Ontology / Entity Resolution

These details have not been verified by PyPI

Project links

Homepage

License
- OSI Approved :: MIT License
Operating System
- OS Independent
Programming Language
- Python :: 3

Project description

EntityIdentity

Entity resolution and identity matching for companies.

Fast, in-memory company name resolution using fuzzy matching and smart normalization.
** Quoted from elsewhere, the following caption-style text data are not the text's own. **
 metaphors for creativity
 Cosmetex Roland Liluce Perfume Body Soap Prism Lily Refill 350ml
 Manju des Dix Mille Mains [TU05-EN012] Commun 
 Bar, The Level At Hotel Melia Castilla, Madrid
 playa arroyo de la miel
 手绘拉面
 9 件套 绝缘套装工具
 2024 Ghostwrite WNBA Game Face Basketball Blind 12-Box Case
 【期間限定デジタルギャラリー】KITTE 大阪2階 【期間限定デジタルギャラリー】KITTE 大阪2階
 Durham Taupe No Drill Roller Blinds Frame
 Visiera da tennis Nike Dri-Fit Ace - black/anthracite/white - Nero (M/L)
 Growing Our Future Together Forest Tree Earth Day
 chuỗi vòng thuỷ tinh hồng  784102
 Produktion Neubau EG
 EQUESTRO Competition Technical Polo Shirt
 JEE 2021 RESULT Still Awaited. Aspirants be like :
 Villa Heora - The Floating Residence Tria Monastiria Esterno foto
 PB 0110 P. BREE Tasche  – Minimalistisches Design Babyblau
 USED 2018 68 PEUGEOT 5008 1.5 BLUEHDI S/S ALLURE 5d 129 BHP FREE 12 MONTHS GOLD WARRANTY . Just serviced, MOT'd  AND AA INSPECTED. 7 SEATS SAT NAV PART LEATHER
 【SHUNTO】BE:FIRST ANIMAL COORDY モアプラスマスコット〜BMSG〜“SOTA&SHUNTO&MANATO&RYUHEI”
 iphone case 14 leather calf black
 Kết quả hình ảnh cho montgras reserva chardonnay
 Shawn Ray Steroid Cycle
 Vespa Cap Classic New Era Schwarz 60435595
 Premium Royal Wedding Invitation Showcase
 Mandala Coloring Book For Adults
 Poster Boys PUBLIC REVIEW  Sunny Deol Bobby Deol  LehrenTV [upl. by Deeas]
No server required.

Installation

pip install entityidentity

Quick Start

from entityidentity import resolve_company, match_company

# Simple matching - returns best match or None
match = match_company("Apple Inc", country="US")
if match:
    print(f"Matched: {match['name']}")
    print(f"Country: {match['country']}")
    print(f"LEI: {match.get('lei', 'N/A')}")

# Full resolution with details
result = resolve_company("BHP Group", country="AU")
print(result['final'])      # Best match
print(result['decision'])   # How it was matched
print(result['matches'])    # All top matches with scores

Features

Fast in-memory lookups: <100ms for most queries
Multiple data sources: GLEIF LEI, Wikidata, stock exchanges
Smart normalization: Handles legal suffixes, punctuation, unicode
Fuzzy matching: RapidFuzz scoring with intelligent blocking
No dependencies: Works out of the box

Basic Usage

Normalize Company Names

from entityidentity import normalize_name

# Normalize for matching
normalized = normalize_name("Apple Inc.")
# Returns: "apple"

normalized = normalize_name("BHP Group Ltd")
# Returns: "bhp group"

Match Company Names

from entityidentity import match_company

# Find best match
match = match_company("Microsoft Corporation", country="US")
if match:
    print(f"Matched to: {match['name']}")
    print(f"Confidence: {match['score']}")

Resolve with Details

from entityidentity import resolve_company

# Get full resolution details
result = resolve_company("Tesla", country="US")

# Access matched company
company = result['final']
print(f"Name: {company['name']}")
print(f"Country: {company['country']}")

# See decision type
print(f"Decision: {result['decision']}")
# Examples: 'auto_high_conf', 'llm_tiebreak', 'low_confidence'

# Review all matches
for match in result['matches']:
    print(f"  {match['name']} - Score: {match['score']}")

Data Sources

The package includes pre-built company data from:

GLEIF LEI: Global Legal Entity Identifier database
Wikidata: Rich company metadata and aliases
Stock Exchanges: ASX, LSE, TSX listings

Sample data is included in the package for immediate use.

API Reference

`match_company(name, country=None)`

Simple interface to find the best matching company.

Parameters:

name (str): Company name to match
country (str, optional): ISO 2-letter country code

Returns: Dictionary with matched company data, or None if no good match found.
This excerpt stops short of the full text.